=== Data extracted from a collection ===
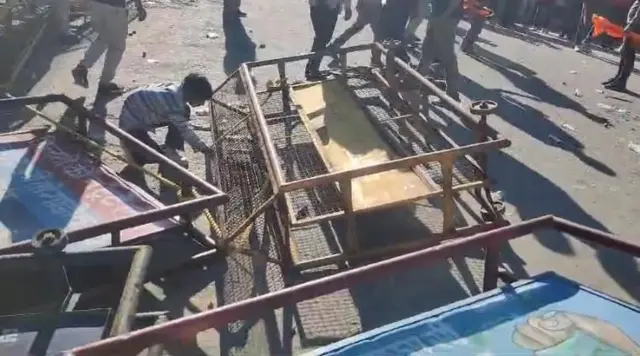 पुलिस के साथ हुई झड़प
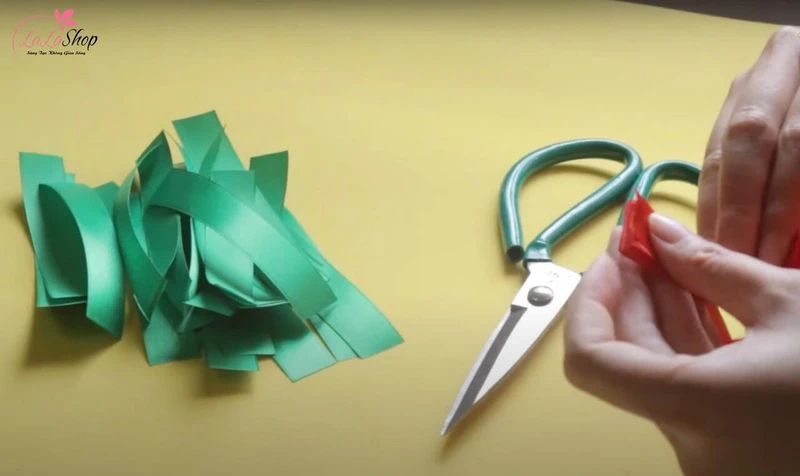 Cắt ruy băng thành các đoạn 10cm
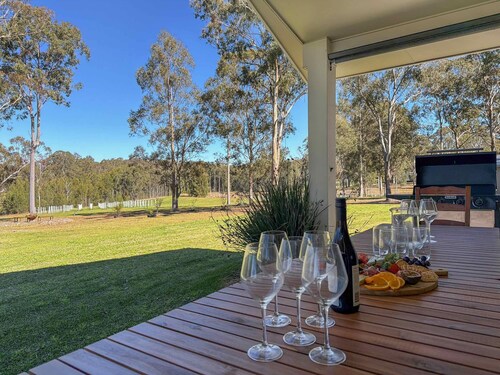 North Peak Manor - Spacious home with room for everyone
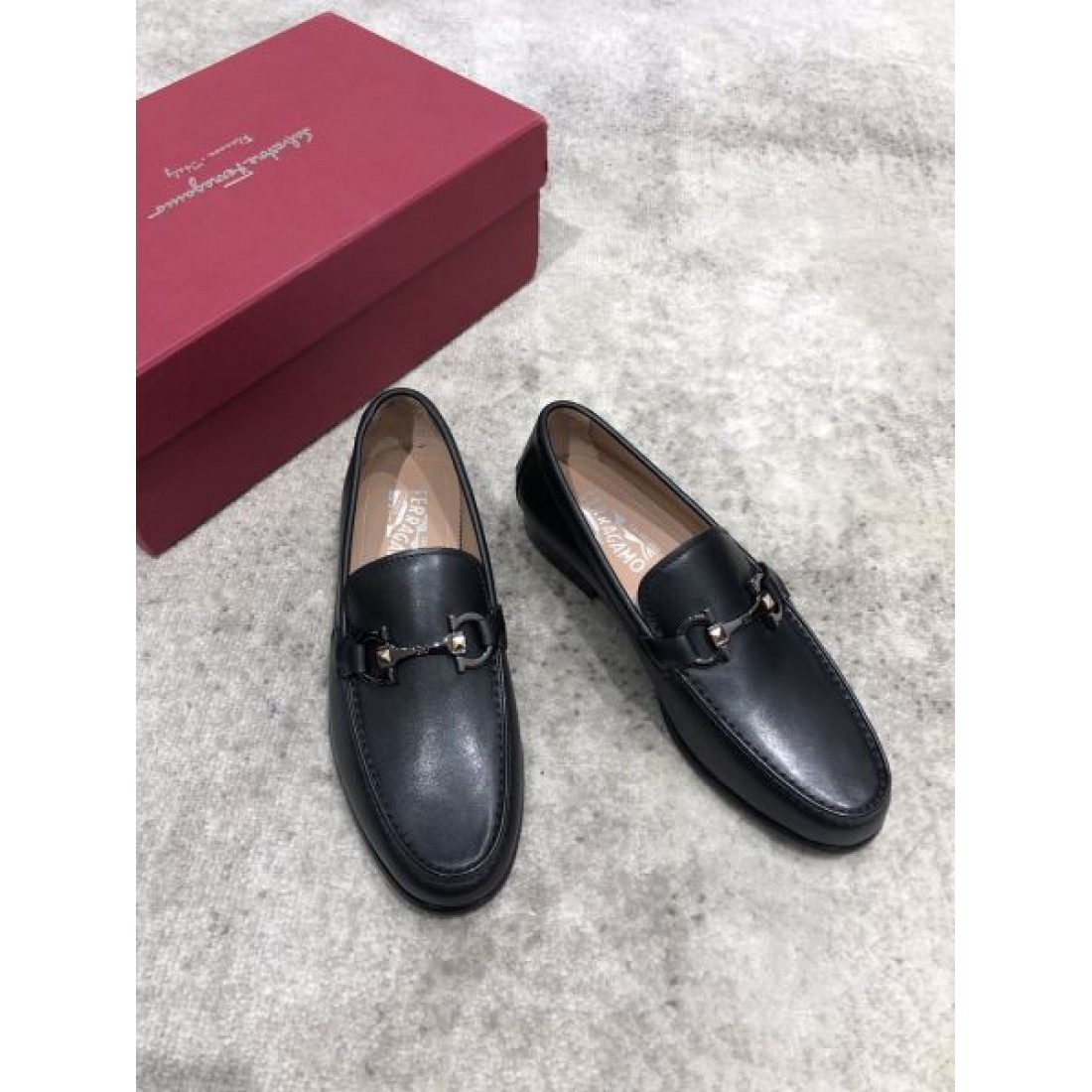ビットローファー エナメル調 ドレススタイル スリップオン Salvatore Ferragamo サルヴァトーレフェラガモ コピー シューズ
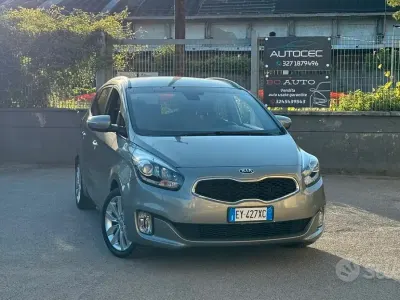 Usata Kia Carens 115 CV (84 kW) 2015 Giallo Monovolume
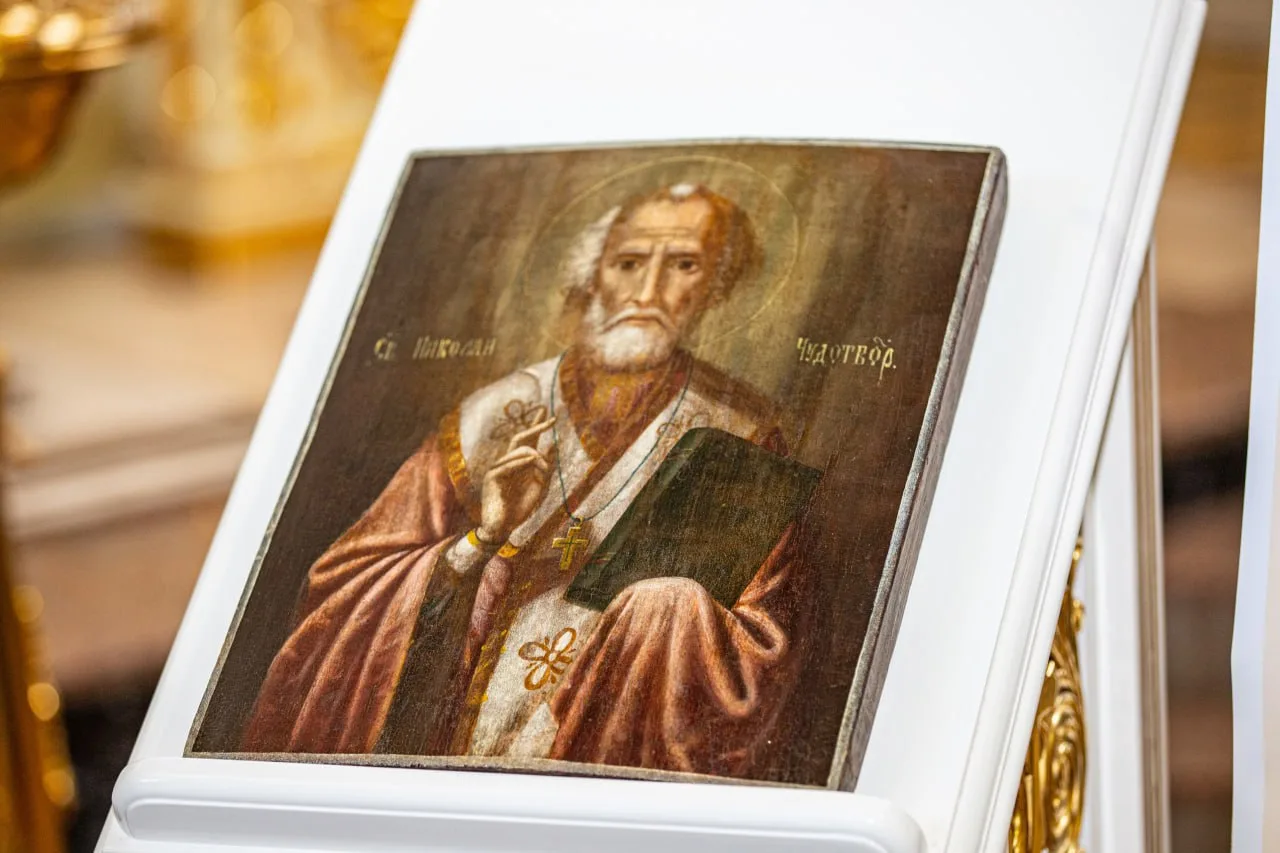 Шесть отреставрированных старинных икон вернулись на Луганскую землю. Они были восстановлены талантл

=== What is being asked ===
Leave the pictures out. Extract exactly the lines running from the one with "Usata Kia Carens" through the last entry, both ends included.

=== Task answer ===
 Usata Kia Carens 115 CV (84 kW) 2015 Giallo Monovolume
 Шесть отреставрированных старинных икон вернулись на Луганскую землю. Они были восстановлены талантл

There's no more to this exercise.